Le personnage féminin — via Médée, Antigone ou Électre — fait de nombreuses allusions à une situation politique faite de violence : le terrorisme par exemple…

On ne peut pas oublier que l’Espagne contemporaine est lourdement marquée par le terrorisme de l’ETA, qui est une constante politique jusque dans les années 2010, et qu’à cela s’est ajouté le climat post-11 septembre — l’Espagne a été durement frappée le 11 mars 2004 par l’attentat de la Gare d’Atocha commis par Al-Qaïda. 

Au-delà de cela, pour moi, le personnage féminin (ou plus exactement les personnages féminins de la pièce), témoigne de celles et ceux qui ont une vie invivable. Quand on est Médée, qu’on a tué ses enfants et qu’on sort de prison :,qu’est-ce qui se passe après ? La clé, on peut peut-être la trouver dans la dernière réplique de la pièce : « Tu as choisi de vivre et moi de mourir. » Elle meurt tout en restant vivante.

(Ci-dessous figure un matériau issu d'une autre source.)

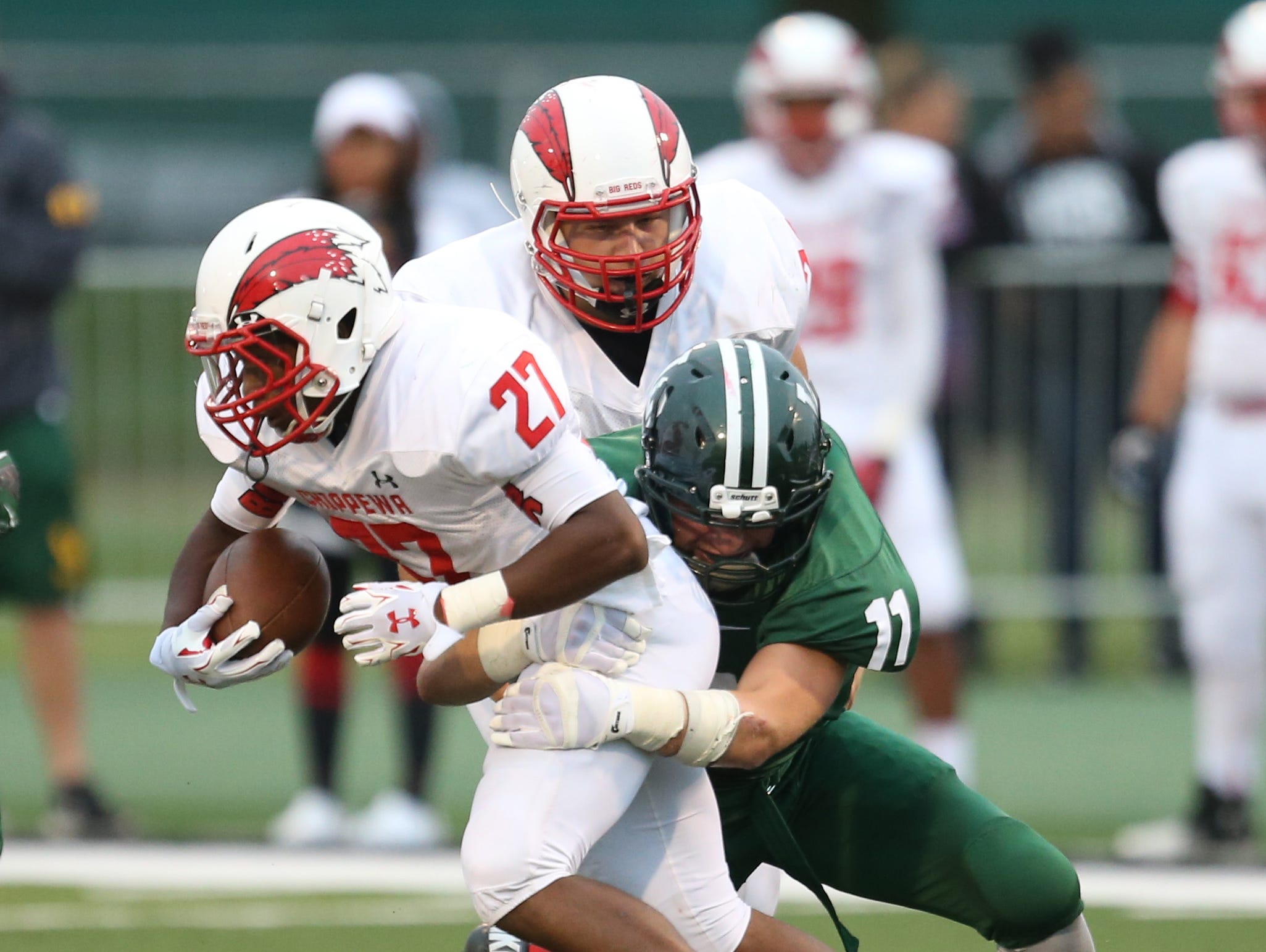 Chippewa Valley high schools Daren Greeley is tackled by Lake Orion high schools Jack McClear during first half action of the Prep Kickoff Classic on Thursday, August 27, 2015 at Wayne States Tom Adams Field in Detroit Michigan.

C’est la définition même de l’invivable. C’est ce qui fonde la tragédie de ces personnages : ils ont décidé de se situer au-delà de l’acceptable sociable. Electre, c’est celle qui déteste sa mère ; Phèdre, celle qui dénonce injustement l’homme qu’elle désire ; Médée, celle qui a tué ses enfants ; Antigone, celle qui va défendre son frère jusque dans le terrorisme… Ces partis-pris vont tous dans le sens d’un écart par rapport à la norme sociale. Alors que Lui, son destin, ce serait plutôt le contraire : il commence d’ailleurs par proposer une définition négative de ce qu’il ne doit pas faire, pour poser la question du retour — et finalement, il décide de rester. Mais partir ou rester, c’est tout autant impossible pour lui, parce que, ce qui le définit aux yeux des autres, c’est sa condition de migrant arraché à sa terre et ne pouvant plus s’ancrer dans rien C’est là que reside la dimension tragique des deux personnages : il n’y a pas de retour en arrière pour eux les deux. 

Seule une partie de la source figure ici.